Task details: Only the text belongs in the copy: repeat each record exactly, without pictures.

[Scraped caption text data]
++++++++++

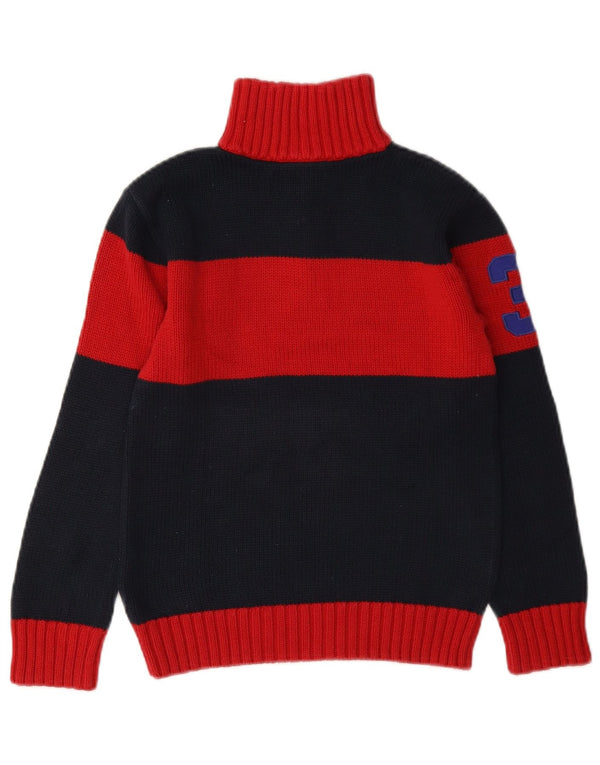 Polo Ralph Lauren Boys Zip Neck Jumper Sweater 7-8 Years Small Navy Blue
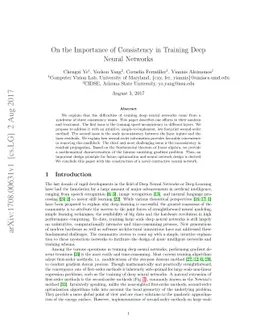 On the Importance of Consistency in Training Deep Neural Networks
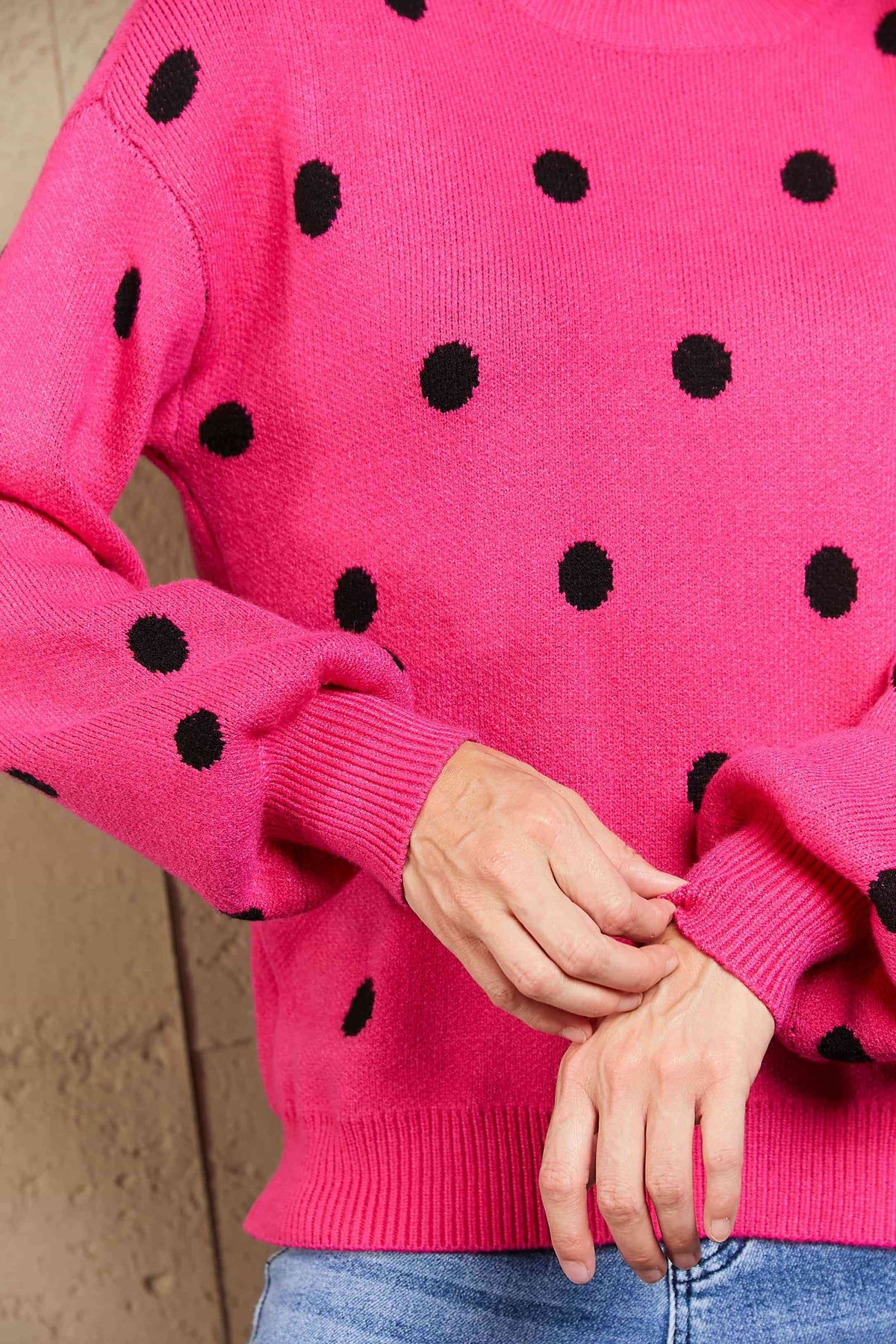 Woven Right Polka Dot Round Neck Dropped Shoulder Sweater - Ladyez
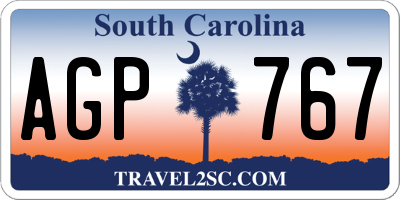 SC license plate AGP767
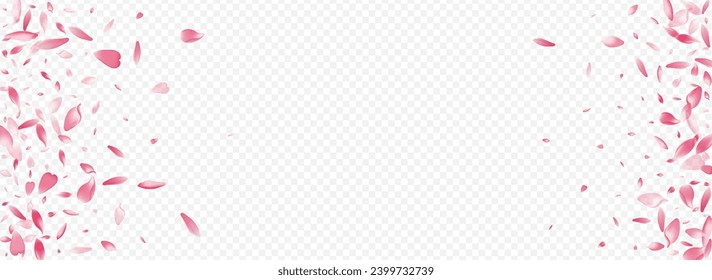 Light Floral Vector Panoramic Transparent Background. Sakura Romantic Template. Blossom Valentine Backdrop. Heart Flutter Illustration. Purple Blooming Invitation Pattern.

++++++++++

Solution for this exercise:
 Polo Ralph Lauren Boys Zip Neck Jumper Sweater 7-8 Years Small Navy Blue
 On the Importance of Consistency in Training Deep Neural Networks
 Woven Right Polka Dot Round Neck Dropped Shoulder Sweater - Ladyez
 SC license plate AGP767
 Light Floral Vector Panoramic Transparent Background. Sakura Romantic Template. Blossom Valentine Backdrop. Heart Flutter Illustration. Purple Blooming Invitation Pattern.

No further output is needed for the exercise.